2.3 Data preprocessing

In the fatigue database, not all features exist for all materials. In order to reduce the number of explanatory variables and not to reduce the number of material samples as much as possible, the data was preprocessed as follows:

(1) Alloying elements whose content is 0 mass% in all 630 steels were excluded from the explanatory variables.
(2) Material samples subjected to heat treatment other than quenching, tempering and normalizing were excluded. These three heat treatments have two variables of temperature T (K) and time t (min). These two variables were summarized into one variable of T log(t). For materials not quenched or tempered, T log(t) = 0 was assigned.
(3) The grain size of ferrite and austenite were excluded from the explanatory variables because only either of them was recorded in the most cases. Since primary α and transformed β phase of titanium alloy do not exist in steels, they were excluded.

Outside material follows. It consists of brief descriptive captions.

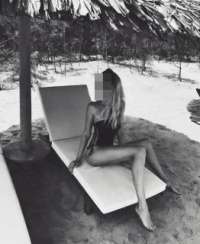 Aktif cinsel hayata sahip Merve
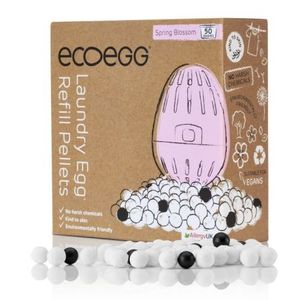 Eco Egg Laundry Egg Refill Pellets Spring Blossom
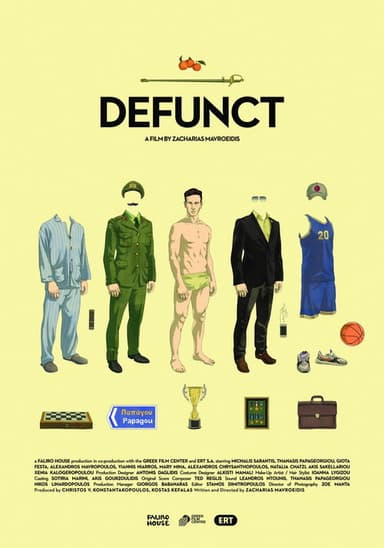 Defunct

After the preprocessing, there remained 21 explanatory variables of reduction ratio, dA, dB, dC, Fe, C, Si, Mn, P, S, Ni, Cr, Cu, Mo, Al, N, Ti, O, normalizing, quenching and tempering. The number of materials was 393. The mean, maximum, and minimum values of each explanatory variable are shown in Table 2. These 393 samples were randomly divided into training dataset with 360 samples and test dataset with 33 samples to evaluate the accuracy of linear regression model.

Table 2 Mean, minimum and maximum values of explanatory variables used for training, validation and testing. The fifth column represents selected variables and coefficient a_i of linear regression model.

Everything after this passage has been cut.